ICL / RL_dataset /INFOSEEK_DOWNLOAD.md
Lekr0's picture
Add files using upload-large-folder tool
90afcf2 verified

InfoSeek Data Download

This document collects ready-to-run scripts for downloading the InfoSeek dataset into:

/workspace/xiaobin/RL_dataset/data

It covers:

  • InfoSeek annotations
  • InfoSeek KB mapping files
  • InfoSeek human set
  • Wiki6M text files
  • OVEN image snapshot on Hugging Face
  • OVEN original-source image download workflow

InfoSeek images are derived from OVEN, so image download is handled through the OVEN release pipeline.

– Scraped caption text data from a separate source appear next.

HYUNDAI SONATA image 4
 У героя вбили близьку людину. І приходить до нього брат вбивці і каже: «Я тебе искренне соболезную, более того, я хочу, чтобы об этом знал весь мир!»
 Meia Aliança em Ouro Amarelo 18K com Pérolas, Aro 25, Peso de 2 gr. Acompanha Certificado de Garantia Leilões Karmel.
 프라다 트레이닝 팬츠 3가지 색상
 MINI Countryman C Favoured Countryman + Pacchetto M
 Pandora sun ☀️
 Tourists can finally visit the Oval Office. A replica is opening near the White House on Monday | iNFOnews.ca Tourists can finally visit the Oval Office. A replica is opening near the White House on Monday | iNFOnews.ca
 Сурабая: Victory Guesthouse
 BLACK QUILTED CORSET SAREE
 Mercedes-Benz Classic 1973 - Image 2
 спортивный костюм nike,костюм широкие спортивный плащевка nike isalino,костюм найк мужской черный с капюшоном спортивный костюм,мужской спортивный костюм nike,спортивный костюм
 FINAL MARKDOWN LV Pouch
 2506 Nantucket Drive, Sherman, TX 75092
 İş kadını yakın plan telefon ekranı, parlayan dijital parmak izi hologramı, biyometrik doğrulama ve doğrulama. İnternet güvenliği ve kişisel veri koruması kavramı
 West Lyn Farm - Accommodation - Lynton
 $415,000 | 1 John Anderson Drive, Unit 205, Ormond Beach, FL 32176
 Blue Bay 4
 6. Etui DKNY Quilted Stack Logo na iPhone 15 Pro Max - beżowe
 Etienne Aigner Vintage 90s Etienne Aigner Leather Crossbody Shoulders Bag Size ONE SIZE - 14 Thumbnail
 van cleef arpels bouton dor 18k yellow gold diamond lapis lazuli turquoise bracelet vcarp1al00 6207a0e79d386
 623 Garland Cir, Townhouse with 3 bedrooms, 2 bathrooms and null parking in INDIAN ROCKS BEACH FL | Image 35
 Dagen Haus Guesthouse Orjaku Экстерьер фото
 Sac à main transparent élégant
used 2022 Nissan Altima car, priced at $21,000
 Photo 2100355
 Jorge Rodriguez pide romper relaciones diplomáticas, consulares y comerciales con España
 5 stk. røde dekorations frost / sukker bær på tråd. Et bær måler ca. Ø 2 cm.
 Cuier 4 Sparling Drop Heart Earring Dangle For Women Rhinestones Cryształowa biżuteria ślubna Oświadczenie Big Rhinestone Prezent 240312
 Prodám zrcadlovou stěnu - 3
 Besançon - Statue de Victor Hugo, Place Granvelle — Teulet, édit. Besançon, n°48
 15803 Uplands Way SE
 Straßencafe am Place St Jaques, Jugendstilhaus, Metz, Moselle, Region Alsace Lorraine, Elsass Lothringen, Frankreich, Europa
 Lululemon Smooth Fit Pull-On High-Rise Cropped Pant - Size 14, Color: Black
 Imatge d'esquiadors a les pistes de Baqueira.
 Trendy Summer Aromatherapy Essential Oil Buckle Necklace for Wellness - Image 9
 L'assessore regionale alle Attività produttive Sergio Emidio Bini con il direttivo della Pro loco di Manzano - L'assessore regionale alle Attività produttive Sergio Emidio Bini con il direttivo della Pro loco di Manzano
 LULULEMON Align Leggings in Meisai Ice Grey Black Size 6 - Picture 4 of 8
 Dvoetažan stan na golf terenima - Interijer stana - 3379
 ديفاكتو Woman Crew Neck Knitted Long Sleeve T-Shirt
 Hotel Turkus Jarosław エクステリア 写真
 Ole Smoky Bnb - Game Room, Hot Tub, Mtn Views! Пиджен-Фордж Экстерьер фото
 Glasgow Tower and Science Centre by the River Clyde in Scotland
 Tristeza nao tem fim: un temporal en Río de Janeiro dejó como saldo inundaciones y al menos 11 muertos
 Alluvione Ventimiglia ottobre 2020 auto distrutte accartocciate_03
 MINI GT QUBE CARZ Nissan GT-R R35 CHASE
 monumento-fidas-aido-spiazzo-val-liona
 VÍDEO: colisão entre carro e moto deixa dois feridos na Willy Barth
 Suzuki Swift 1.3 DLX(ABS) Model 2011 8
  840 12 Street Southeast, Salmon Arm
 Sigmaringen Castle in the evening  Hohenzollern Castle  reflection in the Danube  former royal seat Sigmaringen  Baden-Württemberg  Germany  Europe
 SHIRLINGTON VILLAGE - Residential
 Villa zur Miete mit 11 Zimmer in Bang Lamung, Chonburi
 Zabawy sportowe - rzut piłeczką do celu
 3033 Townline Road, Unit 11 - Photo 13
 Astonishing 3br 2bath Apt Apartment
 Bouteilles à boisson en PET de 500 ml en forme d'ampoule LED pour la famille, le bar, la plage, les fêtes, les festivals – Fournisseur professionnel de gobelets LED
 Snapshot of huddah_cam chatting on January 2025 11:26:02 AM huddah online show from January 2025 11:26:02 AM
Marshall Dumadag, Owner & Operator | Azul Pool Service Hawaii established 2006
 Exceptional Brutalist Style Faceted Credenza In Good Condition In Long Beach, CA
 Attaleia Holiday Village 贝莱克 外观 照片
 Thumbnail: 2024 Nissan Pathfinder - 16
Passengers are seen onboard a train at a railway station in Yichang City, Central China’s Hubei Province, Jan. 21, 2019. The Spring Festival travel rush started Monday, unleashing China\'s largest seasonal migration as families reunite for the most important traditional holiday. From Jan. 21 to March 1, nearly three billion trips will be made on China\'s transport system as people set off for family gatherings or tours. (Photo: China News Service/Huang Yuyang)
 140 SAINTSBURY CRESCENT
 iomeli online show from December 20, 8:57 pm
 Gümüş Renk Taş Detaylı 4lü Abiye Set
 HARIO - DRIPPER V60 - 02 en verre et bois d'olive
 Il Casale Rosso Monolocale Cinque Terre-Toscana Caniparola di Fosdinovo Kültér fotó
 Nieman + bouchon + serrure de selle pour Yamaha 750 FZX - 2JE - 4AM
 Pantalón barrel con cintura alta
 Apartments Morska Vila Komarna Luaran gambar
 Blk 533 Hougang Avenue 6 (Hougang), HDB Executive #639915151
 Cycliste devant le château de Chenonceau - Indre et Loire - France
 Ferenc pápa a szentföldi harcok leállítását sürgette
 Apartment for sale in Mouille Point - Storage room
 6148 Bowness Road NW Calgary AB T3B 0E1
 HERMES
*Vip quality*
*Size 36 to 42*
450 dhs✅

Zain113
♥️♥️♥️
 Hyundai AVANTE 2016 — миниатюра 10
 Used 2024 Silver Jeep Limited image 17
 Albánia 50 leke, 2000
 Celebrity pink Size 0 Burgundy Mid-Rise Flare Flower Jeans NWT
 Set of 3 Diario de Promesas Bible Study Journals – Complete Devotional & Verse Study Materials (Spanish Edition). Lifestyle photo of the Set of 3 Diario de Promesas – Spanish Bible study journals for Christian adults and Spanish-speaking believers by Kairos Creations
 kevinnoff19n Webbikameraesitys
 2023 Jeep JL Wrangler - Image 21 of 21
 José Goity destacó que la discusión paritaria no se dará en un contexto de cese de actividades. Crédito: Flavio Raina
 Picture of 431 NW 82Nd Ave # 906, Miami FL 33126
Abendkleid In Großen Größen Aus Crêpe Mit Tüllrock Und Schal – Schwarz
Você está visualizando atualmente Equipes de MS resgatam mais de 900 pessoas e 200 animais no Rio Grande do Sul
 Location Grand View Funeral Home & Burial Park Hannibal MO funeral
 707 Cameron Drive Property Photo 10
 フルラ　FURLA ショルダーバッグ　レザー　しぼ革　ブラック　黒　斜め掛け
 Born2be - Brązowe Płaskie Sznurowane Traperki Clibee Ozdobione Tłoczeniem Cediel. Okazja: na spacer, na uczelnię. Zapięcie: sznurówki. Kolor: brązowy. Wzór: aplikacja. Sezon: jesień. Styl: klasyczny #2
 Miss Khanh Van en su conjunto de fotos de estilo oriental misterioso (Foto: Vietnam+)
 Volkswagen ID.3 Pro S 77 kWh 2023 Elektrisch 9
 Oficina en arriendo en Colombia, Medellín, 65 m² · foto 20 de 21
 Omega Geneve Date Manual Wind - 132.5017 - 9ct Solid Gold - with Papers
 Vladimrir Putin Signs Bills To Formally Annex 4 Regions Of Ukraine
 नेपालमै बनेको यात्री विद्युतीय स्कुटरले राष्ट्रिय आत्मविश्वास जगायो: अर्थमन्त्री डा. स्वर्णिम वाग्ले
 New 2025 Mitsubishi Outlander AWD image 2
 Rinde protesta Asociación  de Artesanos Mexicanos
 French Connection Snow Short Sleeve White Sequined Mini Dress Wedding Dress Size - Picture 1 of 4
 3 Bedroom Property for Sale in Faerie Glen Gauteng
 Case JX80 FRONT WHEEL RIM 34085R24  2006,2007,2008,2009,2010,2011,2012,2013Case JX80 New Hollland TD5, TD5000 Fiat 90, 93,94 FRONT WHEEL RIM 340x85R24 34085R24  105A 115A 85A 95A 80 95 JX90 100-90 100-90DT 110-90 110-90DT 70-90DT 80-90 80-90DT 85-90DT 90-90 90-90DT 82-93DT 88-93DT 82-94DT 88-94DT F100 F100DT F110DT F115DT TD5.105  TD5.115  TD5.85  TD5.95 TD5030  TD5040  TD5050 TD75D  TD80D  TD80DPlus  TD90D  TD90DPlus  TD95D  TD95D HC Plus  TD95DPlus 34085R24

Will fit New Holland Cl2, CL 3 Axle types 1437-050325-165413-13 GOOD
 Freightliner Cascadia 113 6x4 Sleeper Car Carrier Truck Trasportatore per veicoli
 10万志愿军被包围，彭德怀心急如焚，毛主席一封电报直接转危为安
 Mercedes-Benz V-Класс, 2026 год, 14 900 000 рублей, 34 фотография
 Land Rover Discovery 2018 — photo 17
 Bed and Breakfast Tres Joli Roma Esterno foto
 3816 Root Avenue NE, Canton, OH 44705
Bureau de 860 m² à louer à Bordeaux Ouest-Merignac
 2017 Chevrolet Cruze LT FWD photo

1. Recommended Directory Layout

mkdir -p /workspace/xiaobin/RL_dataset/data/infoseek
mkdir -p /workspace/xiaobin/RL_dataset/data/oven_hf
mkdir -p /workspace/xiaobin/RL_dataset/data/oven_source

Suggested usage:

  • /workspace/xiaobin/RL_dataset/data/infoseek: InfoSeek jsonl files
  • /workspace/xiaobin/RL_dataset/data/oven_hf: Hugging Face image snapshot files
  • /workspace/xiaobin/RL_dataset/data/oven_source: upstream OVEN repo for original-source image download

2. Proxy Workaround

If your shell is configured with an invalid local proxy such as 127.0.0.1:7890, use one of these patterns.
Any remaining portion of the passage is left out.